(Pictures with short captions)
====
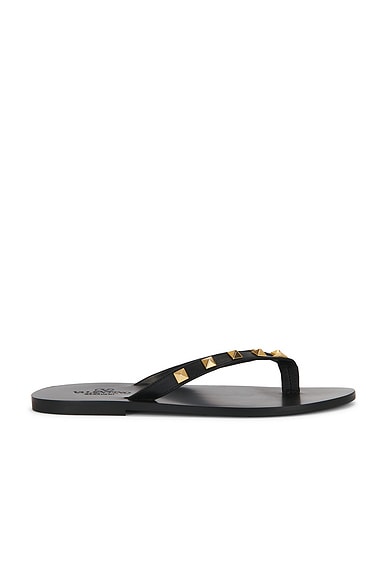 Studded Thong Sandal in Nero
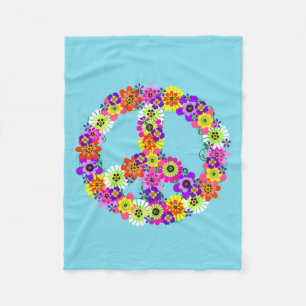 Manta Polar Signo de paz floral en azul claro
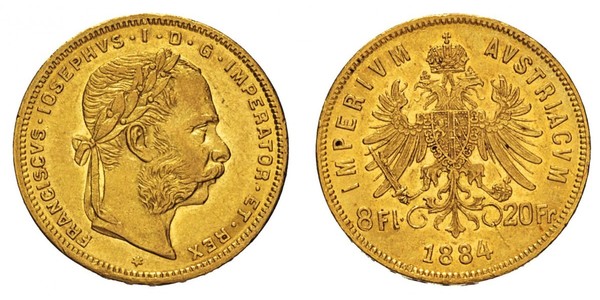 20 Franc / 8 Florin Austria-Hungary (1867-1918) Gold Franz Joseph I (1830 - 1916)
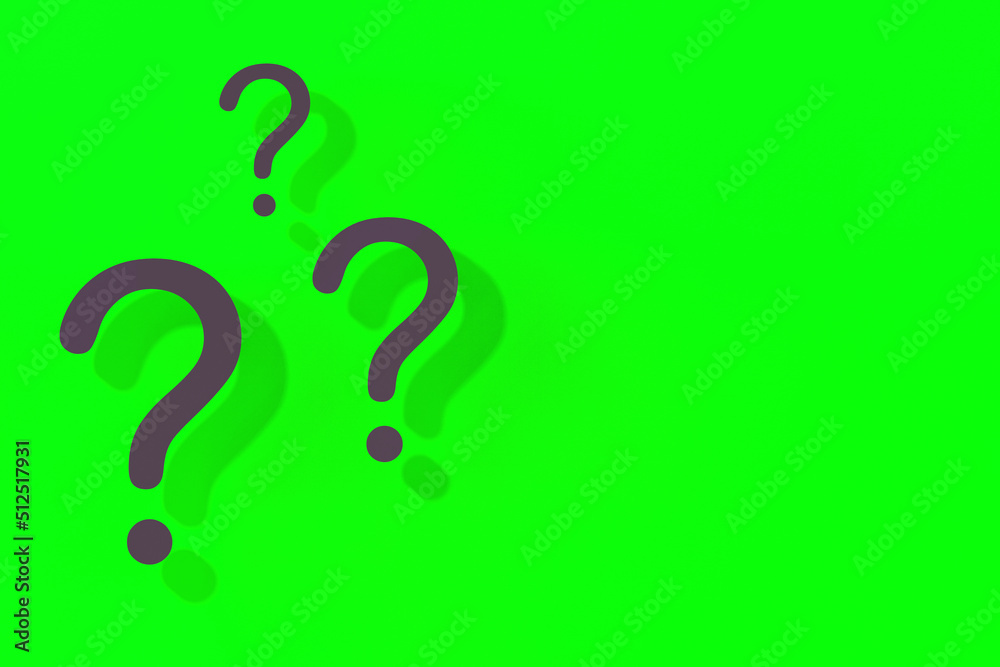 Fototapete question marks with shadow on green background.technical support. answers to questions. horizontal i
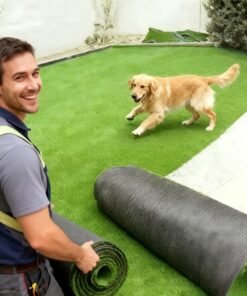 Juego de 3 rollos de alfombra de césped artificial grande de alta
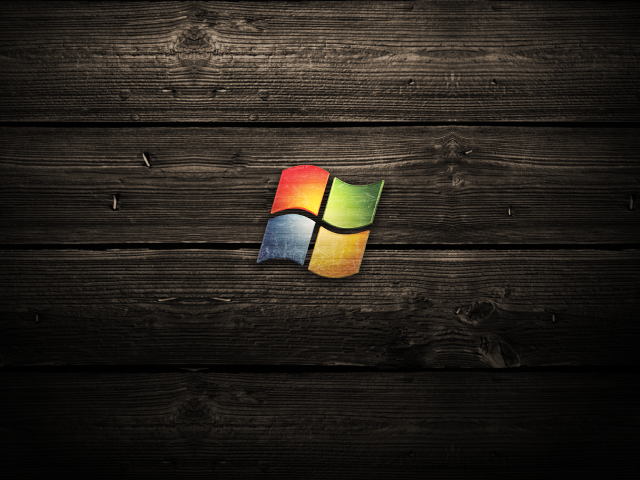 Windows logo wooden surface dark free wallpaper for desktop - medium preview image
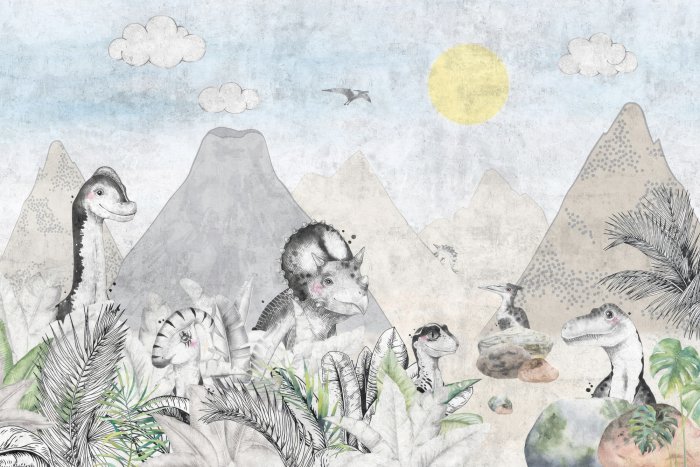 Papier peint  Monde des dinosaures en aquarelle avec des volcans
====
▶ TASK BRIEF
Give the records again exactly, pictures left out.

▶ RESULT OF THIS EXERCISE
 Studded Thong Sandal in Nero
 Manta Polar Signo de paz floral en azul claro
 20 Franc / 8 Florin Austria-Hungary (1867-1918) Gold Franz Joseph I (1830 - 1916)
 Fototapete question marks with shadow on green background.technical support. answers to questions. horizontal i
 Juego de 3 rollos de alfombra de césped artificial grande de alta
 Windows logo wooden surface dark free wallpaper for desktop - medium preview image
 Papier peint  Monde des dinosaures en aquarelle avec des volcans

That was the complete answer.